Programming memory T cell homing to target immunization strategies.

Targeting activated T lymphocytes to the site of pathogen invasion could greatly enhance the effectiveness of conventional vaccination protocols. We have devised a novel strategy to target the topographic distribution of memory T lymphocytes following vaccination. Specifically, we have observed that T cell priming in the presence of tissue-specific factors (particularly chemokines) favors the development of specific T cells with homing preference for the tissue, and therefore seek to fully establish the molecular mechanisms of this novel protocol of immunization and its potential application in clinical settings. Our preliminary studies and the forward experiments proposed will provide the opportunity for new therapeutic vaccination designs in the short-term. Besides its relevance to highly prevalent human gut infections (such as those induced by parasitic infection), this model will pave the way for the application of similar strategies to organ-selective targeting of T cell immunity in a range of diseases, including cancer.

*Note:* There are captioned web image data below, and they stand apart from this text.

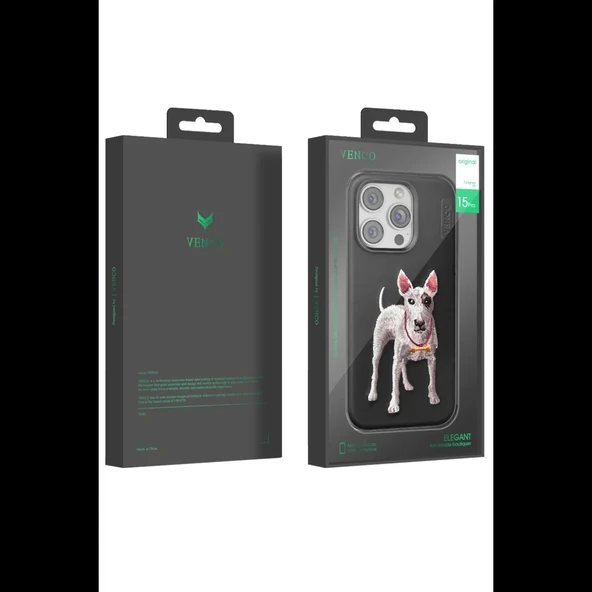 Venco iPhone 15 Pro Perma Desenli Kapak - 5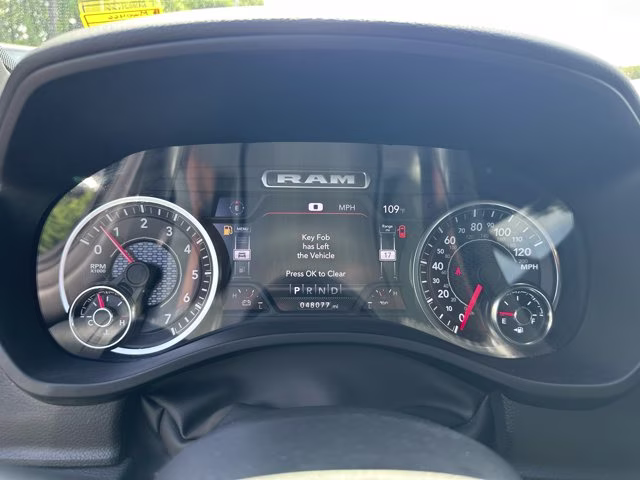 2023 Diamond Black Crystal Pearlcoat Ram 1500 Big Horn 4X4 Truck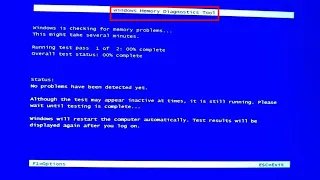 Fix Windows Memory Diagnostic Tool Stuck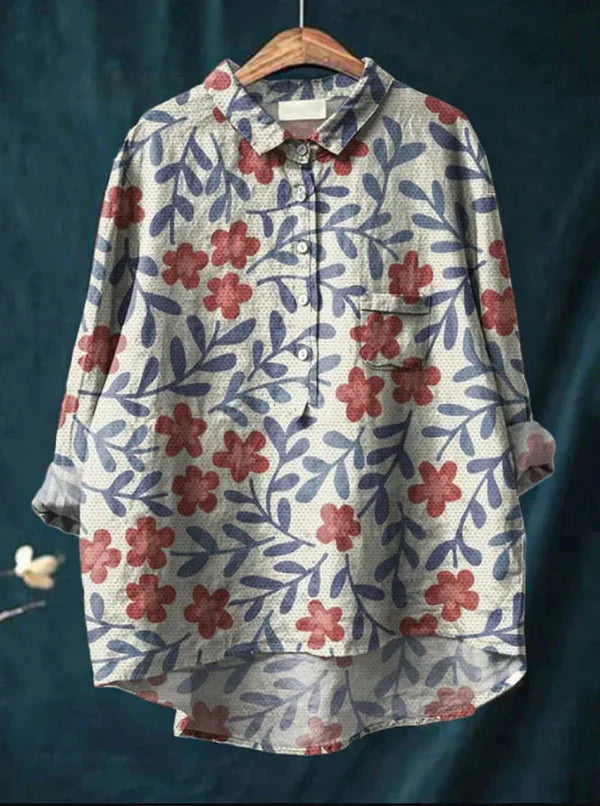 Yrsa | Classic Floral Blouse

The design of conventional immunization strategies has mainly focused on improving the magnitude and duration of memory T cell responses. Besides these important parameters, selective localization of primed T cells to sites of antigenic re-challenge is paramount for rapid and protective recall responses. Following priming, T cells acquire the ability to establish molecular interactions mediated by tissue-selective adhesion and chemokine receptors (homing receptors) that direct them to specific organs, thus allowing them to ?remember? the site where pathogen invasion has originally occurred. Thus, imprinting T cells with an ?area code? of the site where pathogen invasion is likely to re-occur will greatly enhance the development of rapid, protective immunity. We have recently designed a novel immunization protocol in which T cell activation in the presence of gut-derived chemotactic factors (CCL25) favors the development of memory T cells that express gut-homing receptors and selectively localize to gut-asssociated lymphoid tissue and gut tissue when adoptively transferred in vivo. We propose to fully investigate this novel protocol of immunization with the aim to achieve topographic immunological memory leading to targeted, faster and more effective recall responses. Besides the potential in the control of gut infections, we provide evidence that tissue-selective immunization can be achieved in a variety of other tissues (including humans), and propose that this protocol can be applied in human organ-specific infectious diseases other than those affecting the gut.